On the Minister's request advice can be given on the sale of assets by the debt agency. That is a new departure in the sense that the sale of assets did not figure very highly in Government policy until recently. I wonder how that interrelates and interconnects with the request by the Minister to the financial sector to provide him with advice on the possible restructuring of the Industrial Credit Corporation, and with the Government's intent now to restructure the capital of Irish Life and to sell off a part of the Irish Life shareholding. Will the new agency have a function in these two areas? Does the Minister intend to involve the new agency in an advisory role on the sale of Irish Life or in the restructuring of the ICC, or is he simply thinking about selling off fixed assets such as property or land in the possession of the State or of its agencies? However, it indicates a certain direction in Government policy that this is included in the Bill. If we are to have a debt management agency it is a legitimate role for that agency. I see nothing at all wrong with that.
I notice that the staff complement will be decided by the agency. That is a fair departure from the practice of the last ten years. No embargo will apply to the agency, rightly so, but should the agency have the authority to decide their own numbers with no reference to the Minister for Finance who is also Minister for the Public Service? That seems a very wide departure from the practice which has pertained up to now. It is not as if the agency will be trading commercially or will be in a position to pay staff out of their profits. In the final analysis they will be a non-commercial State agency on the State model.

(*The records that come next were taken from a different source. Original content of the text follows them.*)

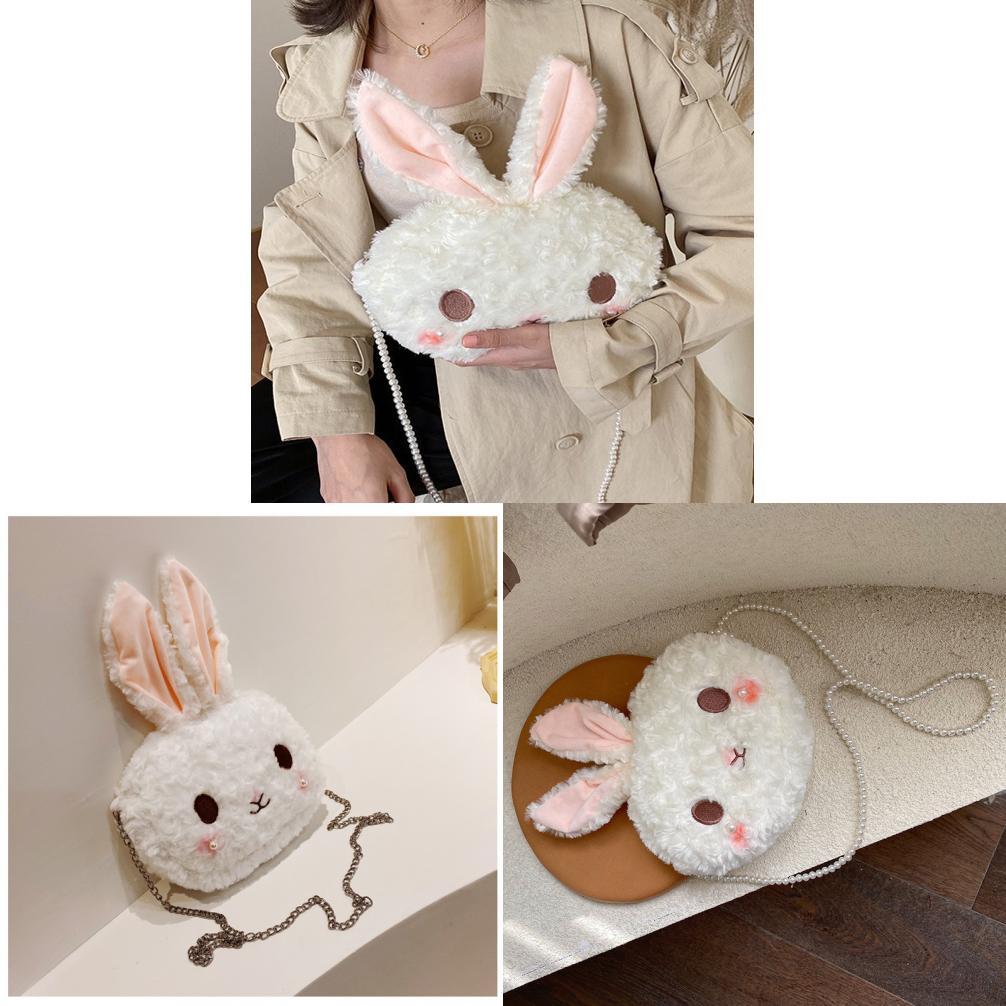 Cartoon Rosy Bunny Plush Shoulder Bag With Zipper Closure For Leisure Outings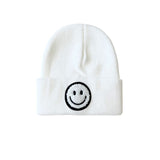 White Smiley Beanie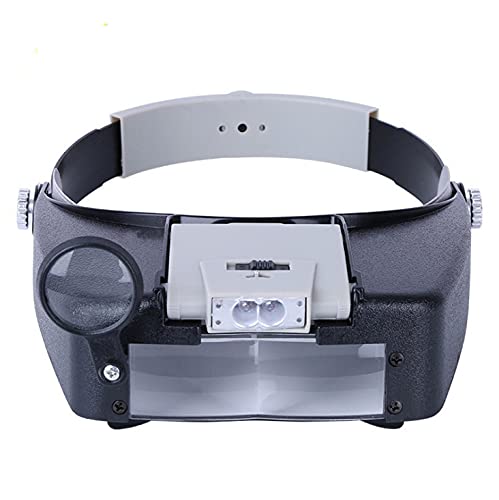 [Australia] - Head Magnifier Jewelers with LED Light Illuminated Helmet Magnifying 1.5X 3X 8.5X 10x Tools for Watch Repair, Precision Work Reading Aid 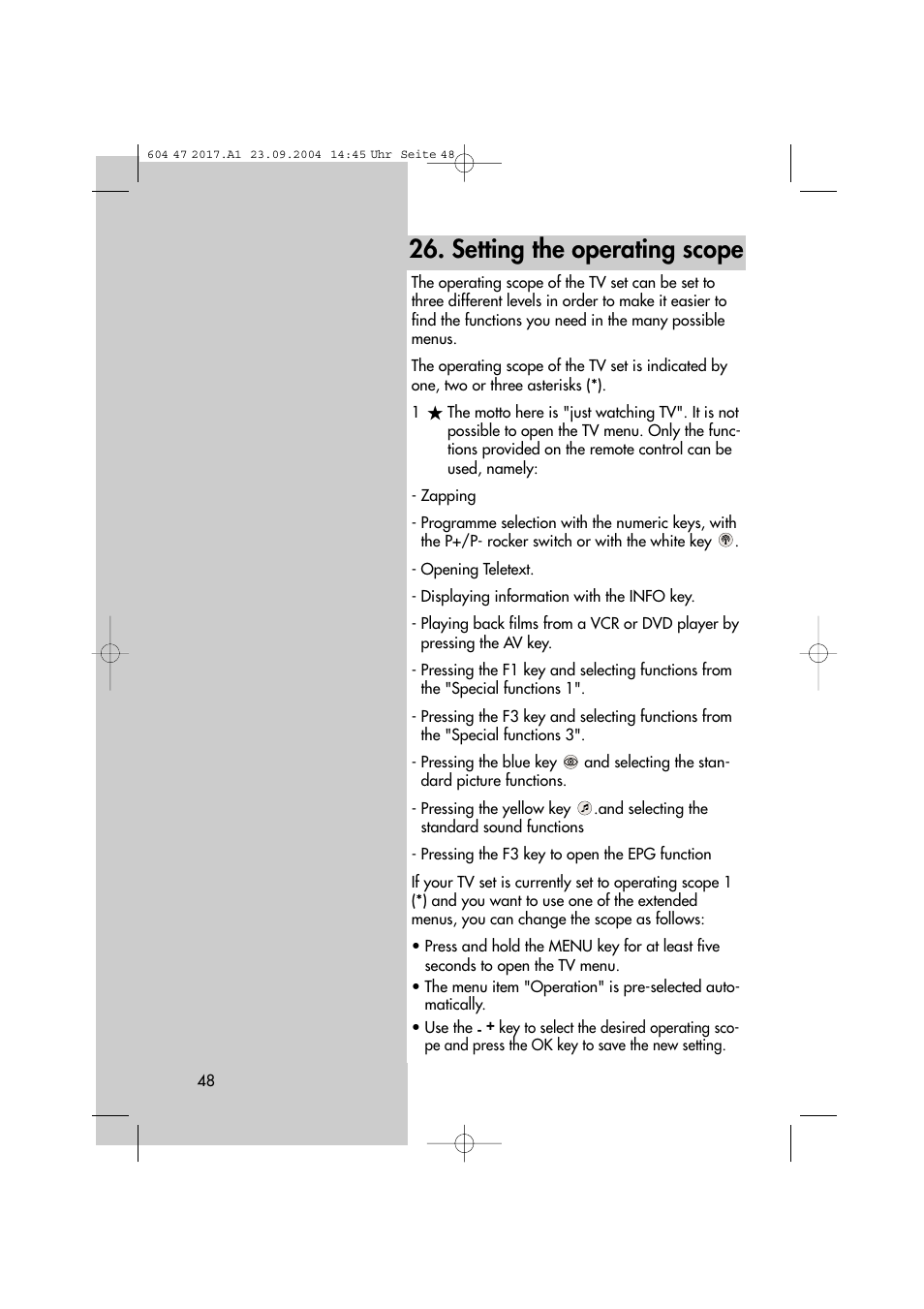 Setting the operating scope | Metz MF 72TL68 User Manual | Page 48 / 64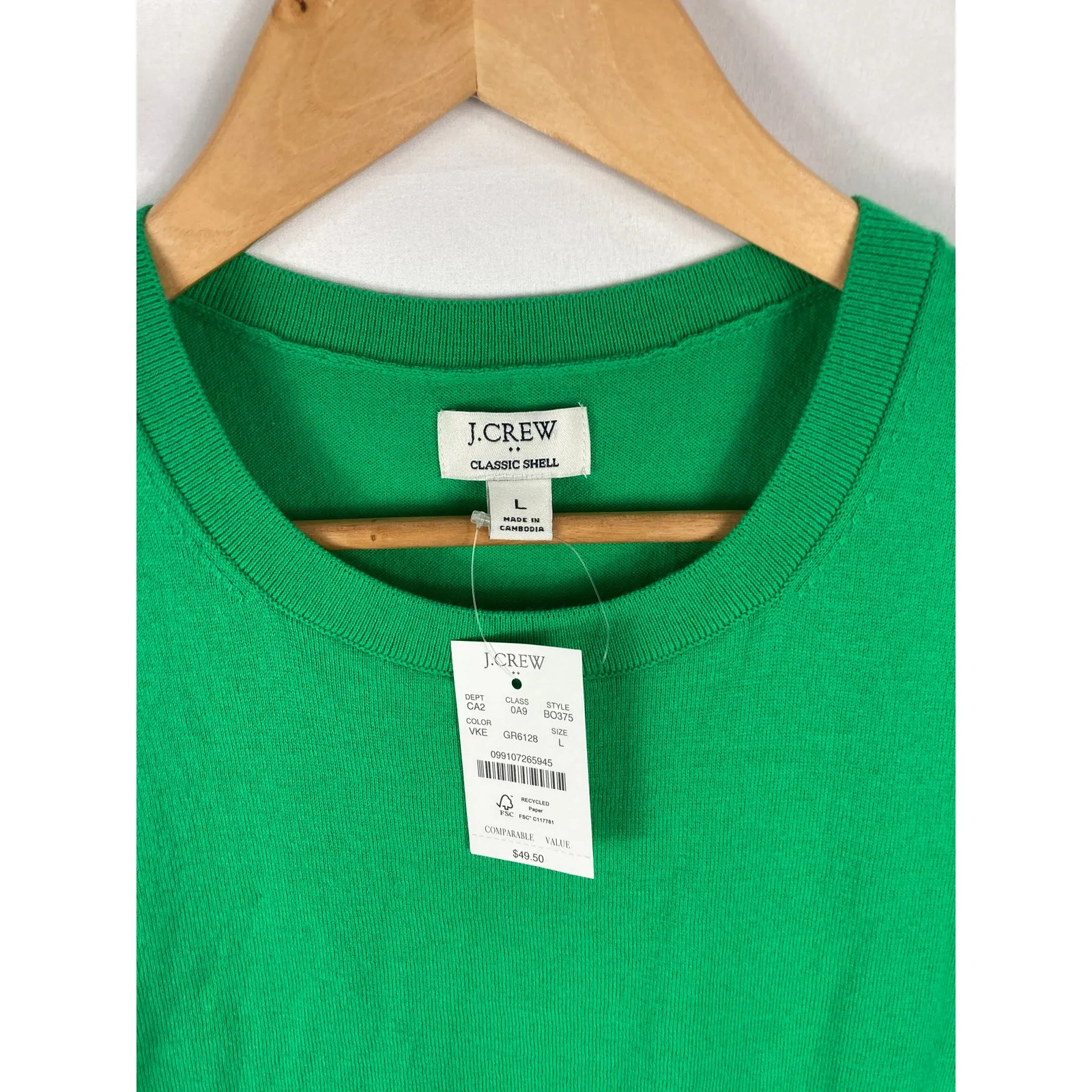 J Crew Classic Shell Green Knit Tank Size Large - Image 2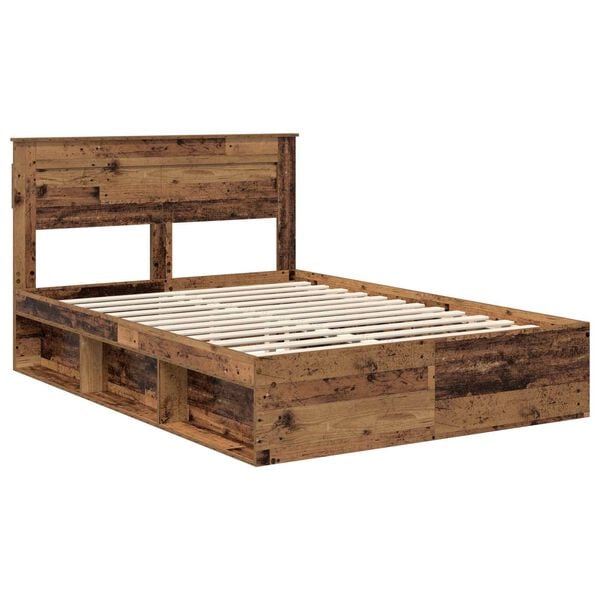 vidaXL Bed Frame with Headboard Old Wood 140 x 190 cm Solid Pine Wood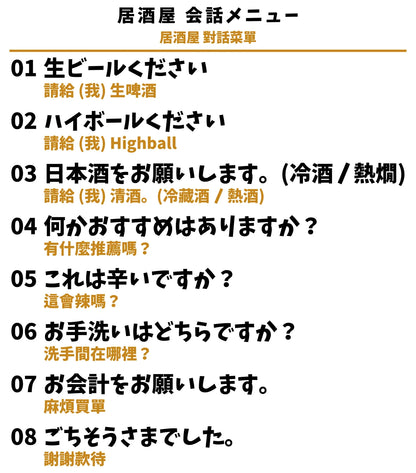 日本居酒屋日中對照旅行翻譯T恤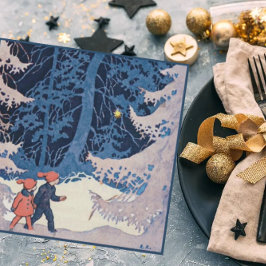 雪の夕べの子供たち ヴィンテージ シーズンカード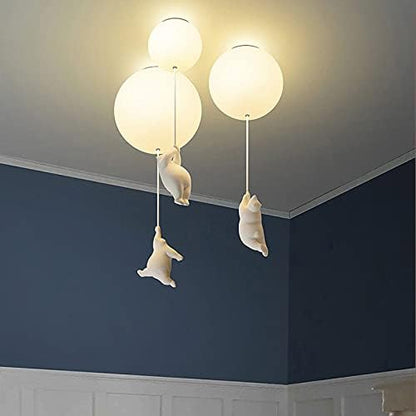 Charming Bear and Balloon Ceiling Light for Playful Spaces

Some of the details of the structures are quite unusual. I would like the Minister to reply in detail on three points. First, how does he think the agency will interrelate with his Department in so far as on the one hand he will be advised by the agency on the management of the national debt and on the other hand he will be advised on all policy issues which will be vital to the national debt by other officials of his Department? What organisational mechanism has he in mind to gel the two sets of advice? Secondly, can he justify the savings shown? Thirdly, will he comment on the unusual freedom being given to the agency in the matter of pay, conditions and number of employees which the Bill envisages? Finally, I would like him in his reply to give some information on the First Schedule where the functions of the Minister which may be delegated to the agency are enumerated by reference to sections of Acts right back through the years. I do not want the trouble of having to go to the Library and search them out when I am sure he has the information to hand. He must have if he reads it into the record.